Record extracts:
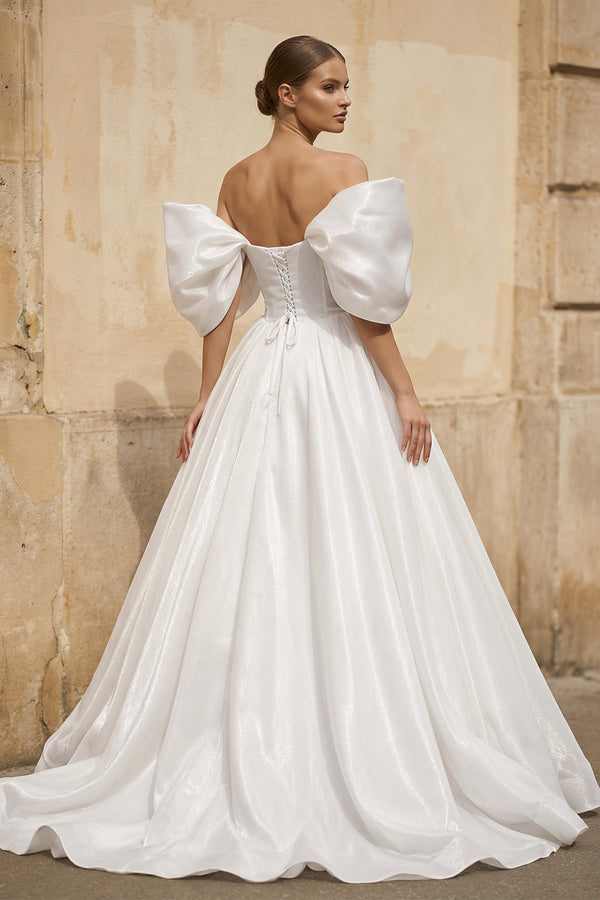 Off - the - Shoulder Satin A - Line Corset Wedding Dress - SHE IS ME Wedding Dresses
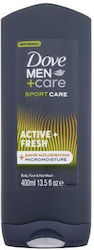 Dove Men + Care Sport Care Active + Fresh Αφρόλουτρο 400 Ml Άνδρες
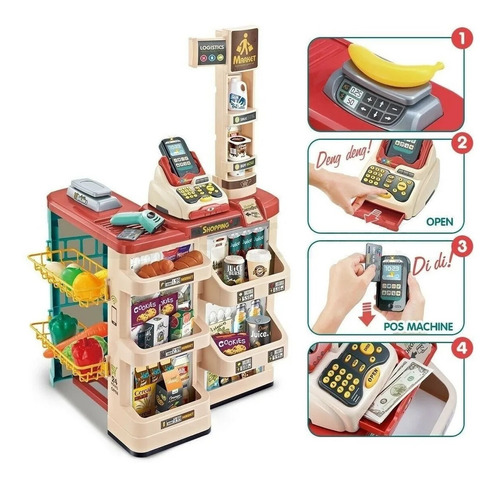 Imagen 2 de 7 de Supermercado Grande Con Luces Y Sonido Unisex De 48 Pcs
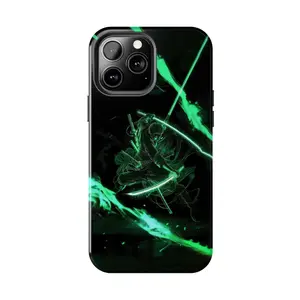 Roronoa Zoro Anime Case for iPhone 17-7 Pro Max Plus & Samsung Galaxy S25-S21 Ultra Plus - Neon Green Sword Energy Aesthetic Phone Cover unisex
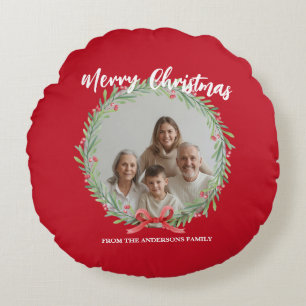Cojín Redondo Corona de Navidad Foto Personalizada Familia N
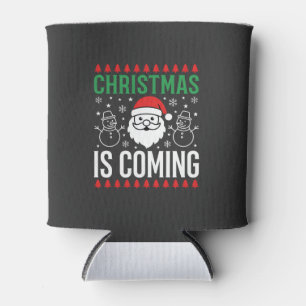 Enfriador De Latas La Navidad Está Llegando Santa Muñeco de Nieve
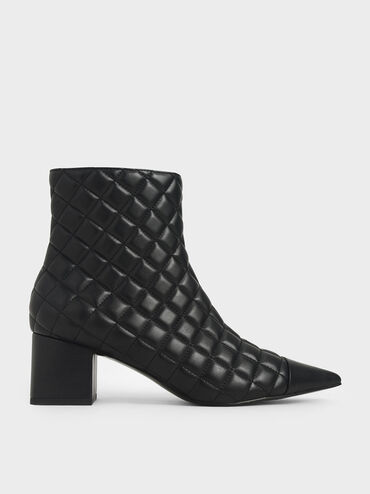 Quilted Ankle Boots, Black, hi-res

--

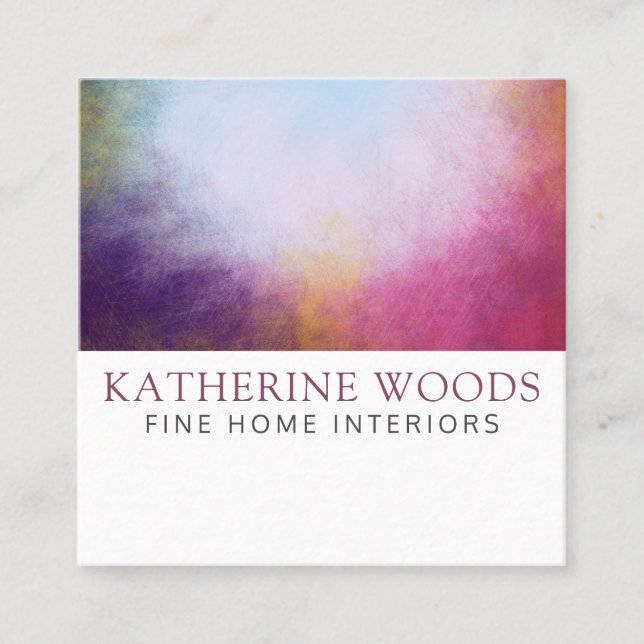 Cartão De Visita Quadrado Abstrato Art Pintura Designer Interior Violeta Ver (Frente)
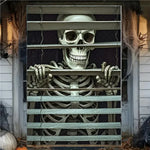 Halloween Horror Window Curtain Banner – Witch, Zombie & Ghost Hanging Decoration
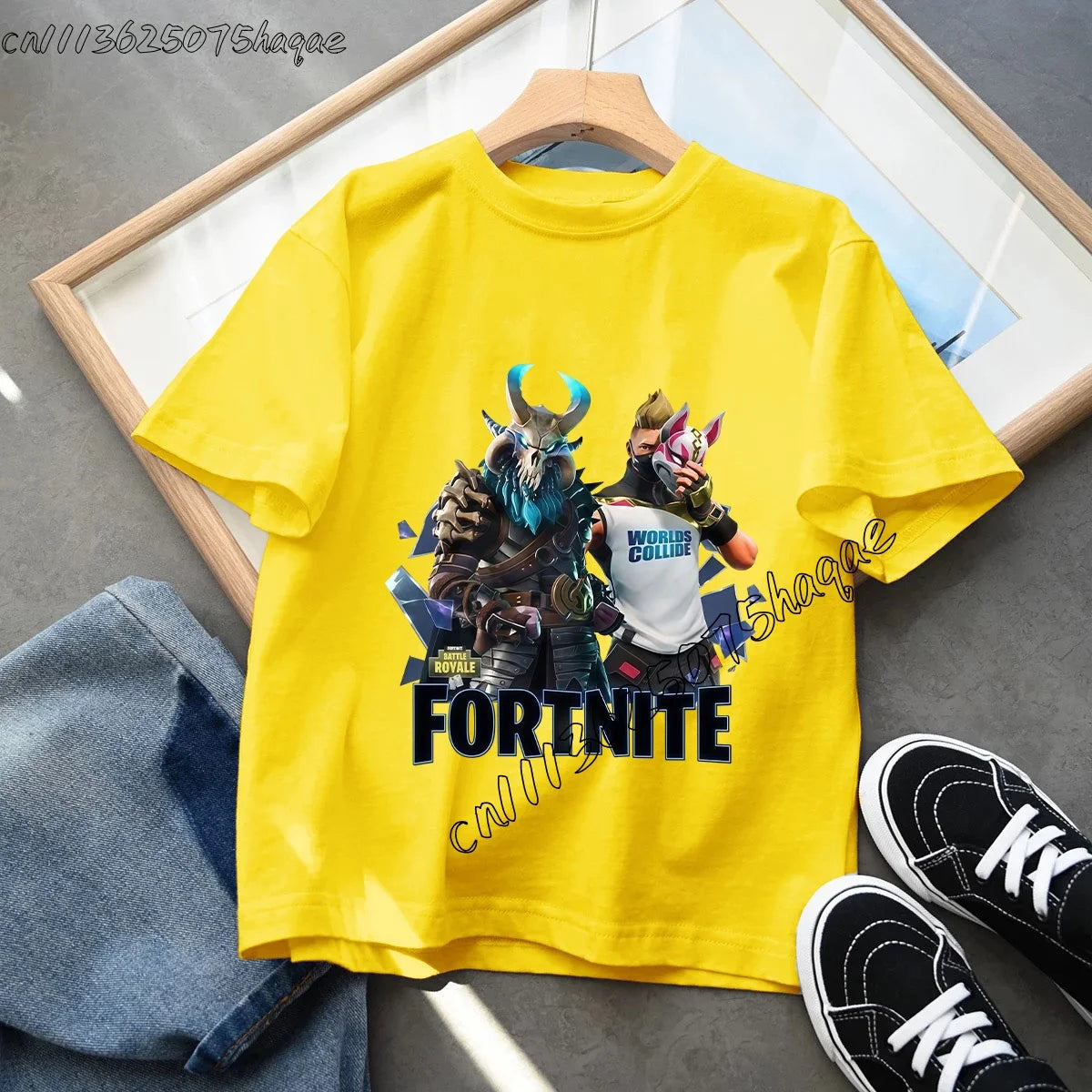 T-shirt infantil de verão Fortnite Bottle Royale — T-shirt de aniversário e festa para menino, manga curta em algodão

* * *

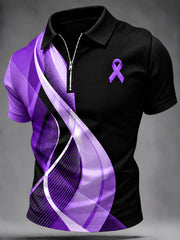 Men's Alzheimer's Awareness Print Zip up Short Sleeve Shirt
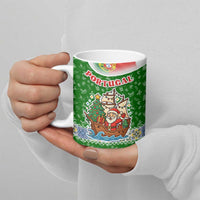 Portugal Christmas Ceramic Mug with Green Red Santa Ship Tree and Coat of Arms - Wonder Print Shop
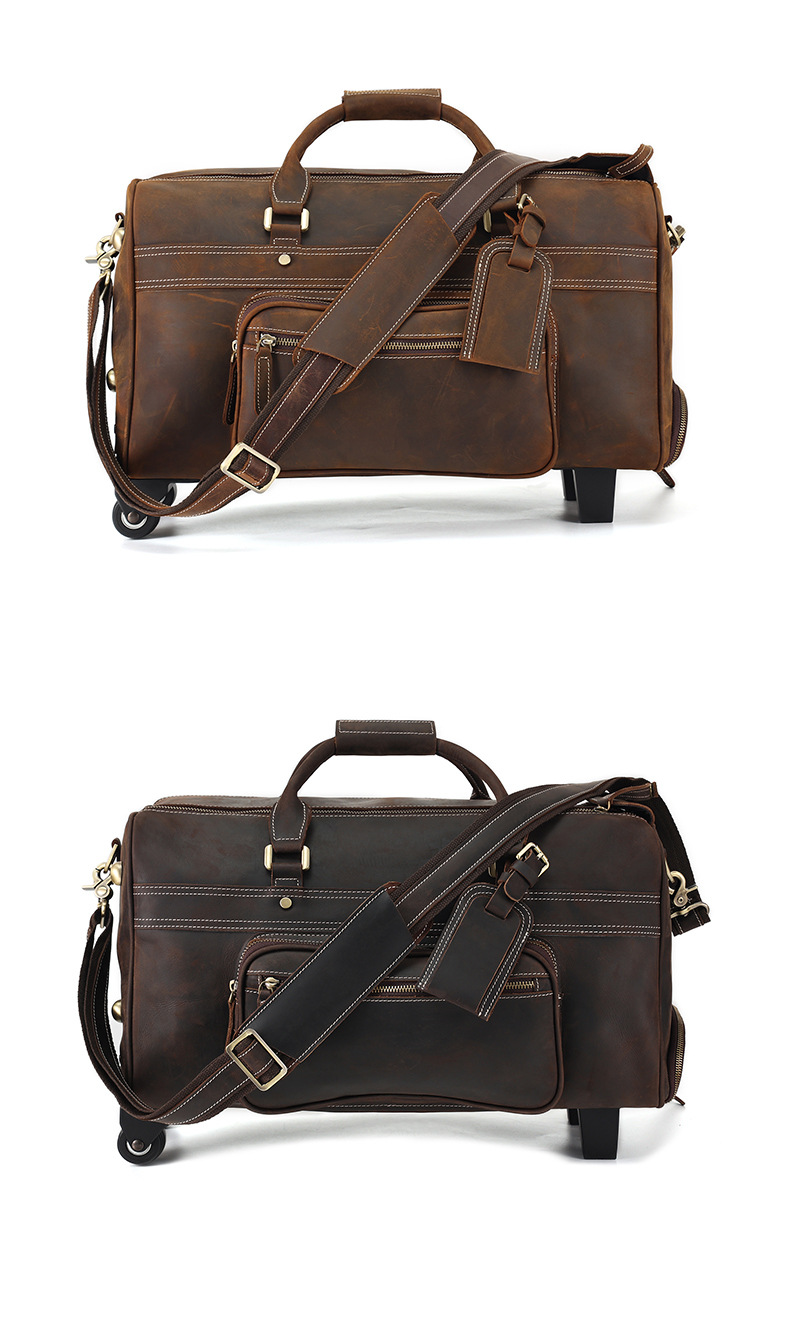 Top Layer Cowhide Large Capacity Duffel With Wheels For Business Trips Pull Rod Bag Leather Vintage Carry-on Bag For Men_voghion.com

Action item: Within the data above, repeat exactly the lines from the one bearing "Imagen 2 de" through the one bearing "Quilted Ankle Boots, Black, hi-res". Include no pictures and nothing else.

Response to this task:
 Imagen 2 de 7 de Supermercado Grande Con Luces Y Sonido Unisex De 48 Pcs
 Roronoa Zoro Anime Case for iPhone 17-7 Pro Max Plus & Samsung Galaxy S25-S21 Ultra Plus - Neon Green Sword Energy Aesthetic Phone Cover unisex
Cojín Redondo Corona de Navidad Foto Personalizada Familia N
 Enfriador De Latas La Navidad Está Llegando Santa Muñeco de Nieve
 Quilted Ankle Boots, Black, hi-res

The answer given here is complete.